Quase todos os jovens jazzistas, como Christian McBride, têm formação clássica, mas isso não chega a ser novidade – Fats Waller, Art Tatum e Bud Powell também tinham.

Os jovens jazzistas vestem-se com bons alfaiates, escovam seus dentes com Crest e, além de tocar, dão aulas, palestras e seminários sobre jazz.

Nada daquele folclore do gênio desarticulado, louco e infeliz que tanto marcou o jazz do passado.

É bom não esquecer que esses jovens jazzistas – quase todos negros – já nasceram numa América muito mais racialmente integrada que a de seus pais ou avós.

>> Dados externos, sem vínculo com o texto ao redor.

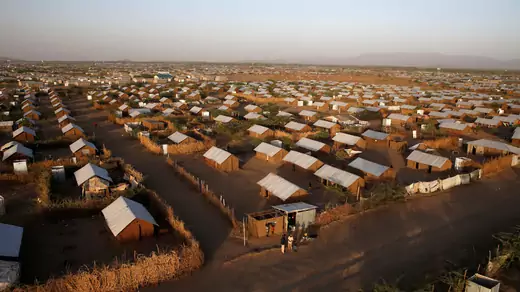 An aerial view shows rows upon rows of recently constructed shacks at the Kakuma refugee camp.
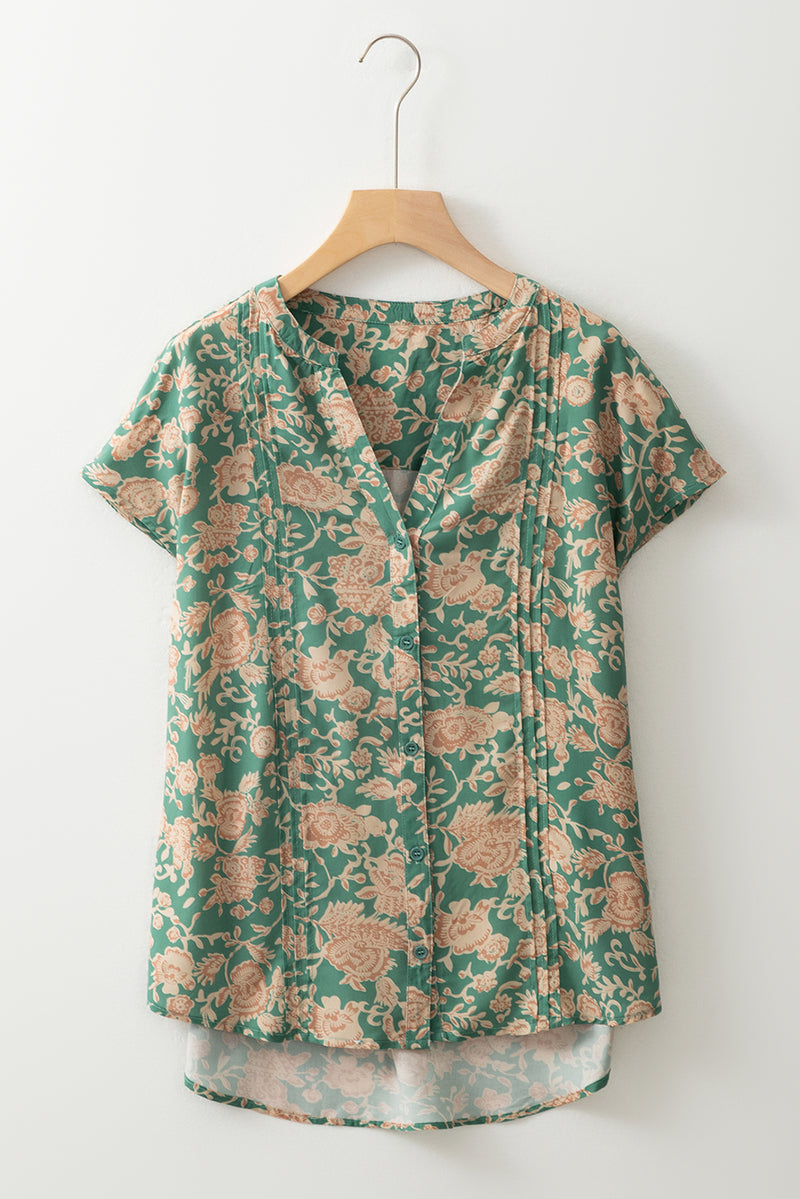 Floral Print Pleated Buttoned V Neck Short Sleeve Blouse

Eles têm trânsito livre em universidades, hotéis e restaurantes e dificilmente sofrerão as humilhações que Billie Holiday, Billy Eckstine ou Nat King Cole experimentaram.

E sua visão dos líderes negros dos anos 60, como Malcolm X ou Stokeley Carmichael, não é melhor do que a que eles têm dos ícones musicais daquele tempo, como Ornette Coleman ou Archie Shepp: um bando de radicais irresponsáveis.

Quanto à droga, são inteligentes demais para concluir que, se ela destruiu Parker, Billie, Bill Evans e tantos outros (assim como o álcool destruiu Bessie Smith, Laster Young, Fats Navarro), talvez seja melhor se limitar a Sprite, Gatorade ou Perrier.


Você resmungará que esses jovens jazzistas parecem meio mauricinhos e um pouco de rebeldia não lhes faria mal, né mesmo?

Pois o jazzófilo H. Dias, do alto de seus quase 20 mil discos de jazz, diria que, tocando o que eles tocam, deveriam (e devem) continuar exatamente como são.

Segundo o agitador cultural e radialista Joaquim Marinho, outro jazzófilo de carteirinha assinada, todo fã do jazz é um mórbido insaciável e adora exigir de seus ídolos que se estrepem na vida pelo prazer dele, fã.

Pois é melhor ir se acostumando: segundo o citado Christian McBride, esse tempo já passou.